▶ **Required work**:
Restate word for word the lines of the entries below, starting with the line that holds "110 New York" and ending with the line that holds "Building Photo - 7347 NW 173rd Dr", and no others.

Extracted data entries
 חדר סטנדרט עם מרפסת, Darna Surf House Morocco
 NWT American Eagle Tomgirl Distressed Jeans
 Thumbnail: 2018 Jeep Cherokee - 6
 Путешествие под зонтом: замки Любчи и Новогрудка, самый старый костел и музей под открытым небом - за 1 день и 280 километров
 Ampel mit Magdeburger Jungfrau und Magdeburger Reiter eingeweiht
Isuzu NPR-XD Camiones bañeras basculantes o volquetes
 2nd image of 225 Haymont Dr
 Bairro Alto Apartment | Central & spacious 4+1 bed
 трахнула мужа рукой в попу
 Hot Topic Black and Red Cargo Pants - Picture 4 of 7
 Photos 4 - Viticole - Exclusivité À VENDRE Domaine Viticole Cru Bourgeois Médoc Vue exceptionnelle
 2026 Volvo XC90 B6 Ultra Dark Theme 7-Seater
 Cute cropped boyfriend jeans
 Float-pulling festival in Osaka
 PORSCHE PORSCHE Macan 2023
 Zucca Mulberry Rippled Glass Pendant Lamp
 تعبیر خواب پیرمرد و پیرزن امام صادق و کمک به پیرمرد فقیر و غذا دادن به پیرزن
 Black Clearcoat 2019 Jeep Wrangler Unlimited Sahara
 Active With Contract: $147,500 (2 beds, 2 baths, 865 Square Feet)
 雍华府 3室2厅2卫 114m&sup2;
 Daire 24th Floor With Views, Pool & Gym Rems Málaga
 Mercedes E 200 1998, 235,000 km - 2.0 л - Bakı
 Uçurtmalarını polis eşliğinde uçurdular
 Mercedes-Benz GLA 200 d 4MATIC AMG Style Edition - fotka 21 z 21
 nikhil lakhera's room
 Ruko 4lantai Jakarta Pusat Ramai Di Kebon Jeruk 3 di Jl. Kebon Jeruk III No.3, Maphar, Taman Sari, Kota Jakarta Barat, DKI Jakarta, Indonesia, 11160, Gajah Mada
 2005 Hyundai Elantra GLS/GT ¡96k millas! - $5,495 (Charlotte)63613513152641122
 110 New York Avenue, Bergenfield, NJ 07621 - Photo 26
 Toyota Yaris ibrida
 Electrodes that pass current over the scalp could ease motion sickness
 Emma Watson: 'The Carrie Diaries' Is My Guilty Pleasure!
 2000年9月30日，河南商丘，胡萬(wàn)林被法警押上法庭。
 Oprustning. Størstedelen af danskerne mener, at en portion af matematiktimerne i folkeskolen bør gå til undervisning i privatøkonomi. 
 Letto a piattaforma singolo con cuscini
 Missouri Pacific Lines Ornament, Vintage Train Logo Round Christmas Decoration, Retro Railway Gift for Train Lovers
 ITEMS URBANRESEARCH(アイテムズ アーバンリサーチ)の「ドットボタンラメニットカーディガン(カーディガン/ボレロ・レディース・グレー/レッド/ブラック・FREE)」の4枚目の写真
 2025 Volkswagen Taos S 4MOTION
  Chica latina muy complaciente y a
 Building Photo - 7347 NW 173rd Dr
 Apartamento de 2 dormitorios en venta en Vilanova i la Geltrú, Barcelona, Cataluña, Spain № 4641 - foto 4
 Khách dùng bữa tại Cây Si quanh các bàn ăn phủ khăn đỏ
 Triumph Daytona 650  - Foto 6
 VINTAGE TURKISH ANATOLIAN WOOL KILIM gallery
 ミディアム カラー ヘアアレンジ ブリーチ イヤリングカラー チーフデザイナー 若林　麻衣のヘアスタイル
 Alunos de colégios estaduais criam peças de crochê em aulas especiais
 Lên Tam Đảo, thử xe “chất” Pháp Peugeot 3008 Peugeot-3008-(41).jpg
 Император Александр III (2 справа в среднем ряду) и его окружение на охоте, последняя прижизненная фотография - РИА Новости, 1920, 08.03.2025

▶ **Answer section**:
 110 New York Avenue, Bergenfield, NJ 07621 - Photo 26
 Toyota Yaris ibrida
 Electrodes that pass current over the scalp could ease motion sickness
 Emma Watson: 'The Carrie Diaries' Is My Guilty Pleasure!
 2000年9月30日，河南商丘，胡萬(wàn)林被法警押上法庭。
 Oprustning. Størstedelen af danskerne mener, at en portion af matematiktimerne i folkeskolen bør gå til undervisning i privatøkonomi. 
 Letto a piattaforma singolo con cuscini
 Missouri Pacific Lines Ornament, Vintage Train Logo Round Christmas Decoration, Retro Railway Gift for Train Lovers
 ITEMS URBANRESEARCH(アイテムズ アーバンリサーチ)の「ドットボタンラメニットカーディガン(カーディガン/ボレロ・レディース・グレー/レッド/ブラック・FREE)」の4枚目の写真
 2025 Volkswagen Taos S 4MOTION
  Chica latina muy complaciente y a
 Building Photo - 7347 NW 173rd Dr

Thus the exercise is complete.